(Dataset entries)
☆ ☆ ☆ ☆ ☆
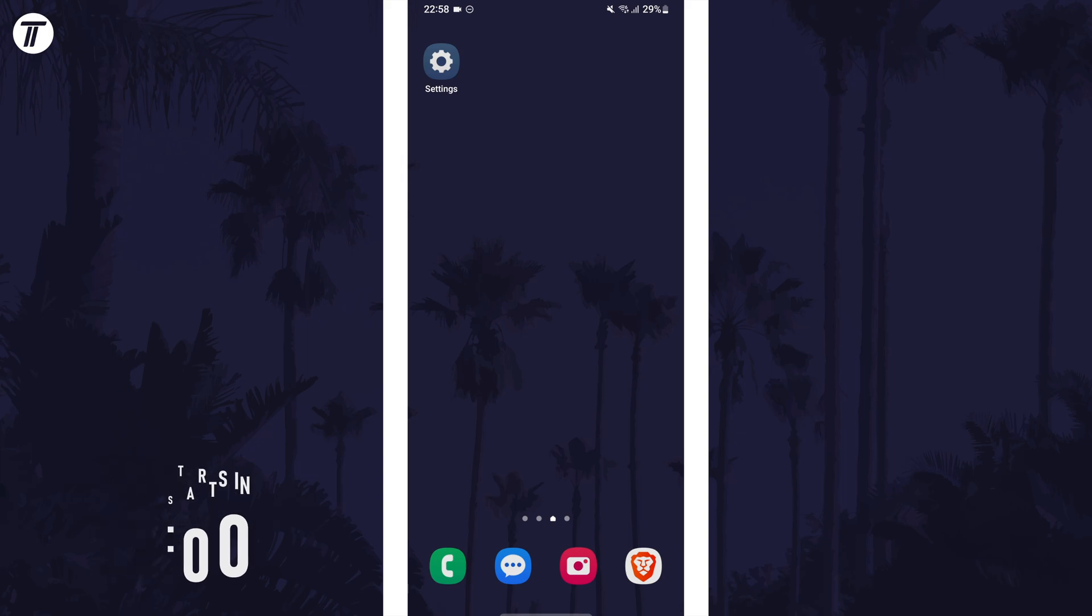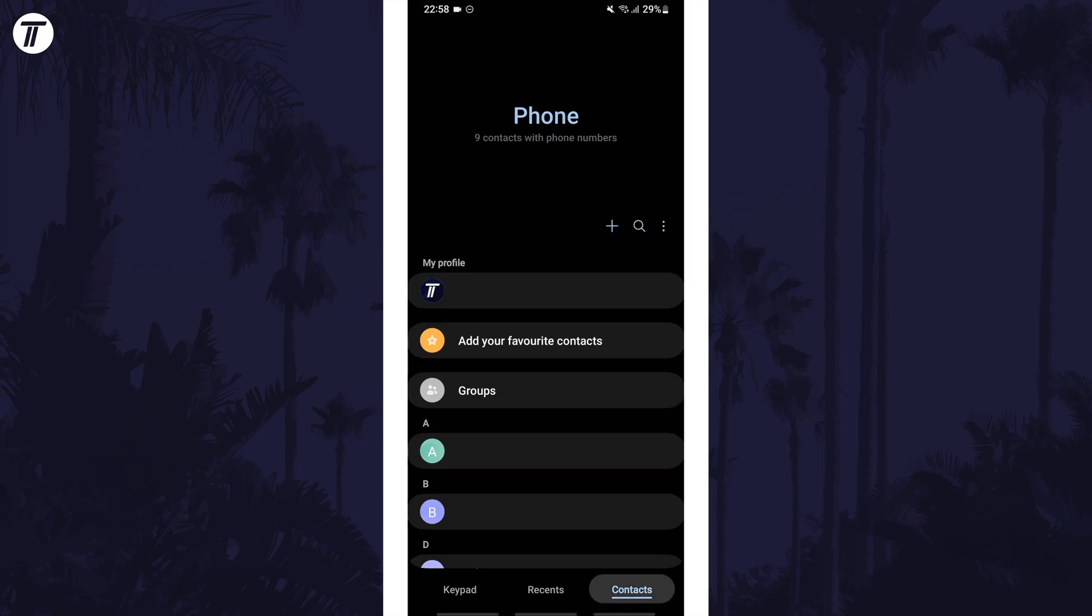To change a contact's ringtone, first open the phone app and then tap on contacts at the bottom.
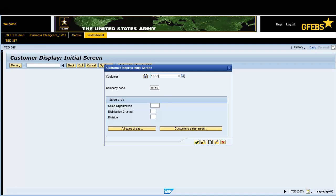Enter the customer number 1000447755 in the customer field. Enter ARMY in the company code field — this should default.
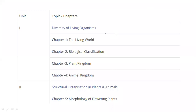Hello, to all my subscribers. So far, the NEET exam is now in 3 months. So far, you have basic information about NEET chapters.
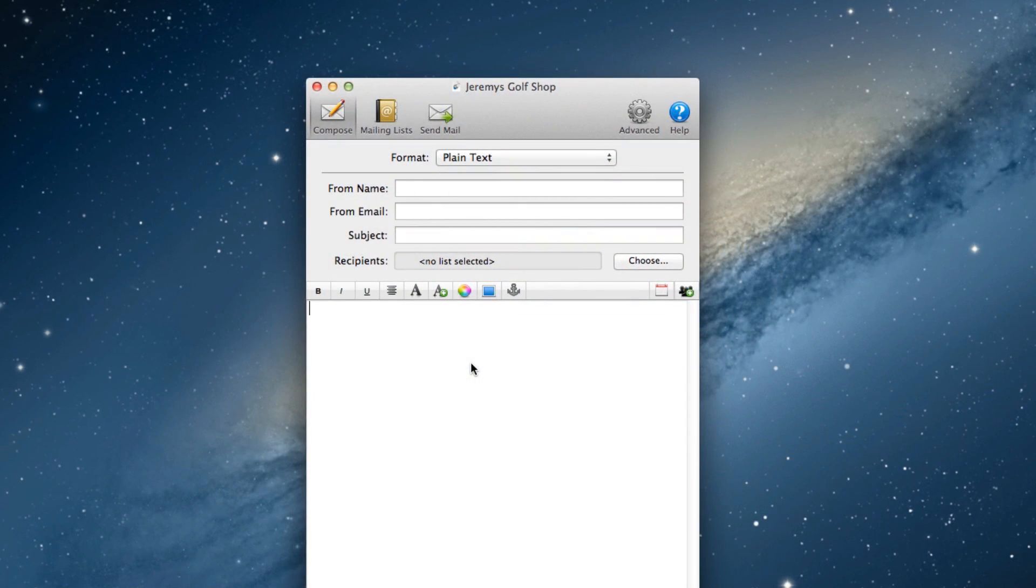Built into MailChute is the ability to create a mailing list signup form that you can embed on your website. This allows your website visitors to fill in a quick form and sign up to your mailing list.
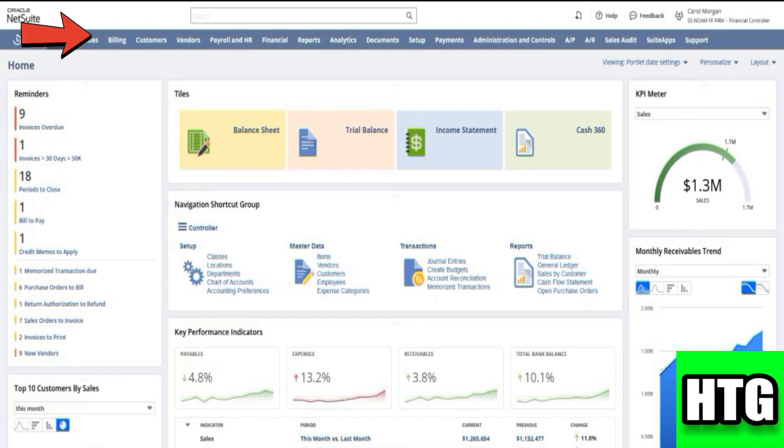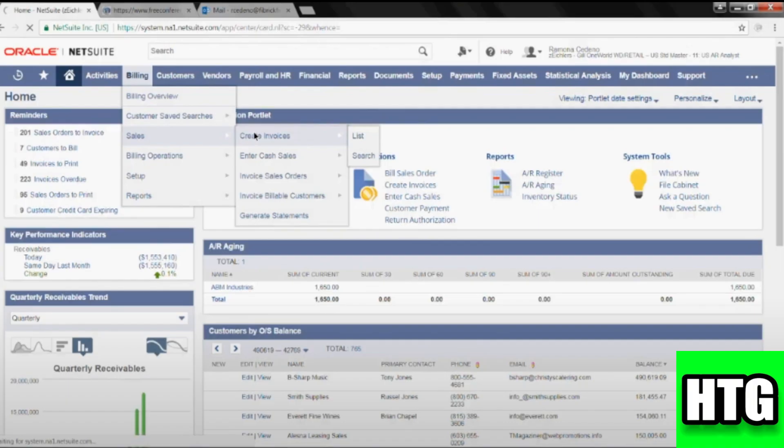Click on the Billing tab located in the top part, then click on Sales, then on Create Invoices.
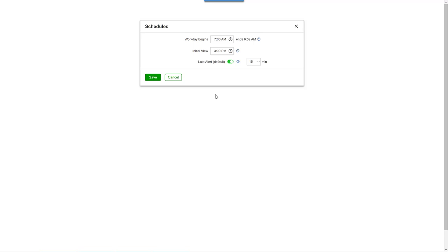However, if a member wants to change the start time or use a traditional 12 midnight to 12 midnight workday, they can here in settings.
☆ ☆ ☆ ☆ ☆
#### Work required:
Give again, word for word, every line from the top of the entries above to the line holding "Hello, to all", both included. Leave the pictures out.

#### Exercise solution:
To change a contact's ringtone, first open the phone app and then tap on contacts at the bottom.
Enter the customer number 1000447755 in the customer field. Enter ARMY in the company code field — this should default.
Hello, to all my subscribers. So far, the NEET exam is now in 3 months. So far, you have basic information about NEET chapters.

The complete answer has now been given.